Could you please take a look at this question when you have time? Thank you so much! :)

kasvii commented 7 months ago

BTW, could you please tell me about the training time of your experiments on a single 3090 GPU and h36m dataset as mentioned in the paper?

On my side, this setting will cost about 30 hours in total.

On a single 3090 GPU, the time overheads are as follows: mesh ● 3dpw: 30min/epoch, about half a day ● h36m: 1h25min/epoch, about a day and a half pose ● 3dpw: 1h40min/epoch ● h36m: 25min/epoch

kasvii commented 7 months ago

Hi authors,

It's me again. Happy New Year!

I'm just wondering if this copy of the codes supports using multi-GPU. I have set the GPU ids to 0,1 in the command file, which is python ./main/train.py --cfg ./config/train_mesh_h36m.yml --gpu 0,1. But still, only the id 0 GPU is used.

Is there any way to use two or more GPUs to accelerate the training since at present it will take about 20 hours for the training of the second stage for the h36m dataset?
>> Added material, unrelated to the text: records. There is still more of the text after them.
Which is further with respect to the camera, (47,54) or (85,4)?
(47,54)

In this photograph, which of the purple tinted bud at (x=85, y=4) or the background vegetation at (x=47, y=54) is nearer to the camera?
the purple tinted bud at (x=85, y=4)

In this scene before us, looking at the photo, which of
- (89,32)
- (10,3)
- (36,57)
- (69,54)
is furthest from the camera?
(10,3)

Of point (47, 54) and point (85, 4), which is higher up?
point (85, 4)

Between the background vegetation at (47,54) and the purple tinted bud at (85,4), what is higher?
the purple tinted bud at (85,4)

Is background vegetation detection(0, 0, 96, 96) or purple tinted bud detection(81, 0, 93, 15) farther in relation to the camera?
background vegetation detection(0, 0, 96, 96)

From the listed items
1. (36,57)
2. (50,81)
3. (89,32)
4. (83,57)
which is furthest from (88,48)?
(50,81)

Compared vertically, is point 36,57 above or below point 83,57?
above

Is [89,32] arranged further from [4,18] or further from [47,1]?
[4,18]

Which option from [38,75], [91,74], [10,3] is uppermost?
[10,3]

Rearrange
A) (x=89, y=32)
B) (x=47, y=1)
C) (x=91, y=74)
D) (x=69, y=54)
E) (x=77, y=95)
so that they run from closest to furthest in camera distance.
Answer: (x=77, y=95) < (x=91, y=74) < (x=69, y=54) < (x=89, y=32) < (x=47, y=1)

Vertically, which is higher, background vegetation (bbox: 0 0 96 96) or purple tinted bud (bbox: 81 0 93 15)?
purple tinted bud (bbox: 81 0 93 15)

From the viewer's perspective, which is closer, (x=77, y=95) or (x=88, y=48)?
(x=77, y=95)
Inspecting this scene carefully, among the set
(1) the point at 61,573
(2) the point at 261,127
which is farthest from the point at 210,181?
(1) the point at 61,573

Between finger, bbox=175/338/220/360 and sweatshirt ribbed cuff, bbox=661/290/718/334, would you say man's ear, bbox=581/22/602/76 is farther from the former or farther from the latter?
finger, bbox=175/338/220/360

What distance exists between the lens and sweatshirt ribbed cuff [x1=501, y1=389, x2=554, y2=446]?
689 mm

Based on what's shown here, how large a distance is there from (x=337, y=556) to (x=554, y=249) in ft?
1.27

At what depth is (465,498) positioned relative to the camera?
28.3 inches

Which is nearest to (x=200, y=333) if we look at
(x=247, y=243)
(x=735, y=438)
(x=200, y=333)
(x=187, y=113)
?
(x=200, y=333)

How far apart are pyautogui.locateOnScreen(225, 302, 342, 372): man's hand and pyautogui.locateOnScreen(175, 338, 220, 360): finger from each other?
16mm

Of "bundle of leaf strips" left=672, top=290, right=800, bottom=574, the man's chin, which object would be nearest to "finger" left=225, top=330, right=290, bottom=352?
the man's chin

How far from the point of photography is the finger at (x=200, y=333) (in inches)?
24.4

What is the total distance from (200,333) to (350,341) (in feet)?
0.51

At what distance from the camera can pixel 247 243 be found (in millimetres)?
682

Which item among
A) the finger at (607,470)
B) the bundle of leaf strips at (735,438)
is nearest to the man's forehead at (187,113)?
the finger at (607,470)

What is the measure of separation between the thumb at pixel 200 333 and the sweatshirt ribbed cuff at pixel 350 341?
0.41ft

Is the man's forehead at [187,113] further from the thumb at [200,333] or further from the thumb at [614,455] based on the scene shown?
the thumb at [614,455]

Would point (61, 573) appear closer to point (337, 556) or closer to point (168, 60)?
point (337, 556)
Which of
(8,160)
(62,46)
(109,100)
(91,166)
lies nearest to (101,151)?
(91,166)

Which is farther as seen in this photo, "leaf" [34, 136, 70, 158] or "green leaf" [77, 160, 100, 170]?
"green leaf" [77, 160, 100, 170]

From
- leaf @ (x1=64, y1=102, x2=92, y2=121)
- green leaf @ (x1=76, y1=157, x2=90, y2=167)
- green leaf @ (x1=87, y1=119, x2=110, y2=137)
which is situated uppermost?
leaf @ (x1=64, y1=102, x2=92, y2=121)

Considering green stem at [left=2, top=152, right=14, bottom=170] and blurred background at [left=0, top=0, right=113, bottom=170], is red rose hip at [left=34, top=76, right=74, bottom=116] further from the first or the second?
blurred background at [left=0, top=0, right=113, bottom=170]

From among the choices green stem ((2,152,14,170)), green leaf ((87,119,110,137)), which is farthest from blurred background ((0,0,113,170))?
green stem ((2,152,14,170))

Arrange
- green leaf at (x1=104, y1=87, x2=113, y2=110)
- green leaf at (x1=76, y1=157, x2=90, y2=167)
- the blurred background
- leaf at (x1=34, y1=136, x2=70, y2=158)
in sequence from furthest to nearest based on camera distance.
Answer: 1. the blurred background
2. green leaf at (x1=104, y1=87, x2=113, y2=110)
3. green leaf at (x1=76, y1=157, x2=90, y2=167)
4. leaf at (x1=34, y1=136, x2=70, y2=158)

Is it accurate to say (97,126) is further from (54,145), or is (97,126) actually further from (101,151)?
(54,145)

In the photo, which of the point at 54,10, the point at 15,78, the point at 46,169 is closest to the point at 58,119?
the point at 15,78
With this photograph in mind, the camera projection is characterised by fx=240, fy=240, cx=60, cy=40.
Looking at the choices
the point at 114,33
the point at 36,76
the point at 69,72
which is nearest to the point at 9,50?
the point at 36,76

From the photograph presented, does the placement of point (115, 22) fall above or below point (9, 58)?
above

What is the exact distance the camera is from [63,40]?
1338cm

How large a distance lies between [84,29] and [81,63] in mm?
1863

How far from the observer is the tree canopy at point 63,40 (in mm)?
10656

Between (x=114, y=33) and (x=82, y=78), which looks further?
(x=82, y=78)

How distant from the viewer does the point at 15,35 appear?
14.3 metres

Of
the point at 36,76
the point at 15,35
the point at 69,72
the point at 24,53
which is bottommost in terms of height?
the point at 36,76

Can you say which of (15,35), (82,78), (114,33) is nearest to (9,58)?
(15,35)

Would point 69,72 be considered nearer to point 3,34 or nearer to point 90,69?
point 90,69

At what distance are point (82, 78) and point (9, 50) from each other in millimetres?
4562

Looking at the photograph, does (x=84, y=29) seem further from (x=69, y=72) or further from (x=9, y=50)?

Thanks again for all your support.

You could try to add 'self.model = nn.DataParallel(self.model)' in Line1, and Line2, then run the command with multi-GPUs (I have tried it and it could work).

zhixuanli commented 7 months ago

BTW, could you please tell me about the training time of your experiments on a single 3090 GPU and h36m dataset as mentioned in the paper? On my side, this setting will cost about 30 hours in total.

On a single 3090 GPU, the time overheads are as follows: mesh ● 3dpw: 30min/epoch, about half a day ● h36m: 1h25min/epoch, about a day and a half pose ● 3dpw: 1h40min/epoch ● h36m: 25min/epoch

The training time of yours and mine are almost the same. Thanks for sharing.

zhixuanli commented 7 months ago

Hi authors, It's me again. Happy New Year! I'm just wondering if this copy of the codes supports using multi-GPU. I have set the GPU ids to 0,1 in the command file, which is python ./main/train.py --cfg ./config/train_mesh_h36m.yml --gpu 0,1. But still, only the id 0 GPU is used. Is there any way to use two or more GPUs to accelerate the training since at present it will take about 20 hours for the training of the second stage for the h36m dataset? Thanks again for all your support.

You could try to add 'self.model = nn.DataParallel(self.model)' in Line1, and Line2, then run the command with multi-GPUs (I have tried it and it could work).

This is great. Thanks!

Dragon2938734 commented 4 months ago

BTW, could you please tell me about the training time of your experiments on a single 3090 GPU and h36m dataset as mentioned in the paper? On my side, this setting will cost about 30 hours in total.

On a single 3090 GPU, the time overheads are as follows: mesh ● 3dpw: 30min/epoch, about half a day ● h36m: 1h25min/epoch, about a day and a half pose ● 3dpw: 1h40min/epoch ● h36m: 25min/epoch

hello, i would ask the time that "img_db = joblib.load(db_file)" in the dataset.py when load h36m,since i run the code and find it stay in this step. thank you!